KEY POINTS:
The Commerce Commission has laid the framework for a third player in the mobile phone market, breaking up the duopoly of Vodafone and Telecom.
The commission yesterday issued its report on mobile roaming, which allows subscribers of one mobile network to use their handsets on a different mobile network to make and receive calls.
The access rules allow a new entrant to offer nationwide services while it builds its own network. But the entrant must be able to reach at least 10 per cent of the market when it launches.
The most advanced new player _ New Zealand Communications chaired by QV chief executive and former All Black Bill Osborne _ is staying mum on plans to break up the mobile duopoly by late this year.
In theory, the report applies to Telecom as well as Vodafone.
But practically the technology used by Telecom is considered unlikely to attract new players like New Zealand Communications, which will be offering 3G mobile services.
Under the commission's decision New Zealand Communications can launch with its own 3G mobile network reaching just 10 per cent of the population, paying Vodafone for use of its network to fill gaps. The company could be up and running with its network reaching just 400,000 customers in Auckland.
This time last year New Zealand Communications _ formerly Econet NZ _ reportedly received $100 million in conditional funding from Hong Kong-based General Enterprise Management and Communication Venture Partners of London.
Vodafone _ aware that the Commerce Commission regulators could demand changes and wider access agreements if they resisted access to the new competitor _ signed a commercial deal last year that was close to what the commission would have demanded. Vodafone would have been concerned the commission would regulate on the price of access.

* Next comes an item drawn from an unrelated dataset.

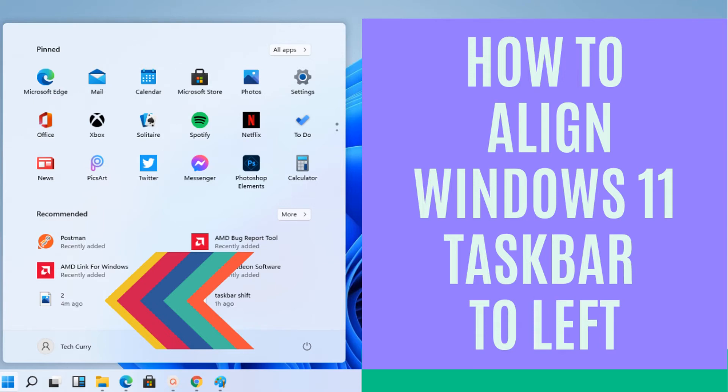Hello friends, welcome to our channel TechCurry. In this video you will learn how to align Windows 11 taskbar to left. So let's get started.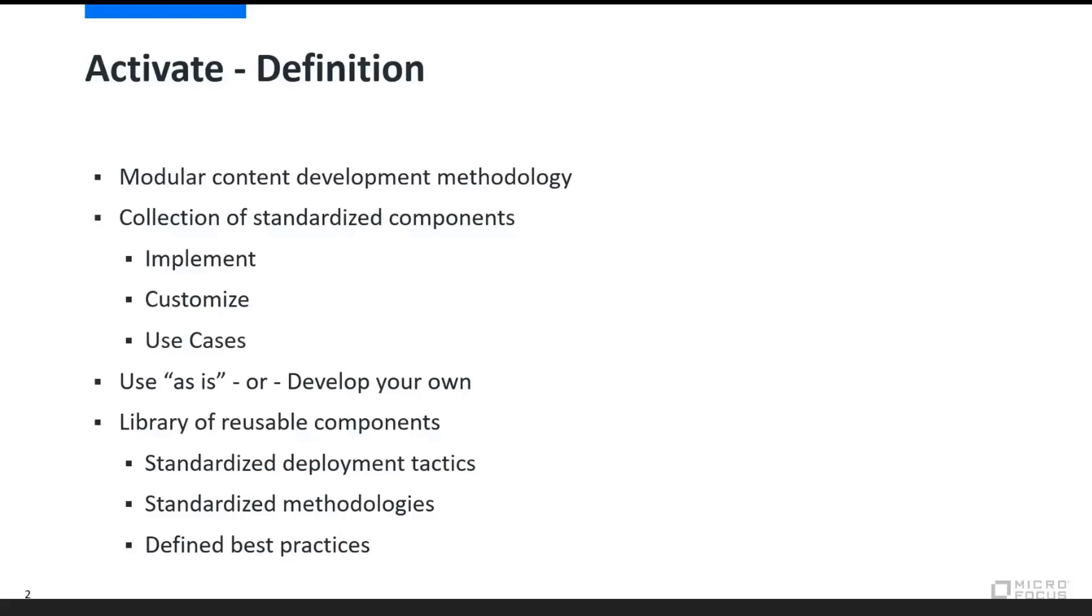Activate allows new ArcSight implementations to deliver value very quickly, while providing more mature sites with a methodology for continuous adaptation and improvement.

The report said: "The commission considers that there are insufficient grounds to recommend extending the mobile roaming service to include the determination of price.
"In the commission's analysis, the difference between the price in the commercial agreement and a price likely to be set under designation was too small to justify intervention, when the cost delay and uncertainty of designation was taken into account."
Telecommunications commissioner Ross Patterson said the change would help to facilitate new entry, which would lead to more competition, greater choice of providers, lower prices and more innovative products and services.
New Zealand Communications was reported last year as having held talks with Richard Branson's Virgin Mobile organisation in Australia.
REPORT DECISION
* The Commerce Commission has set the regulations allowing third parties to access Vodafone's 3G mobile phone network.
* But it has decided that it won't regulate how much it costs for access.
* The new rules ensure that Vodafone has to open the door to new competitors.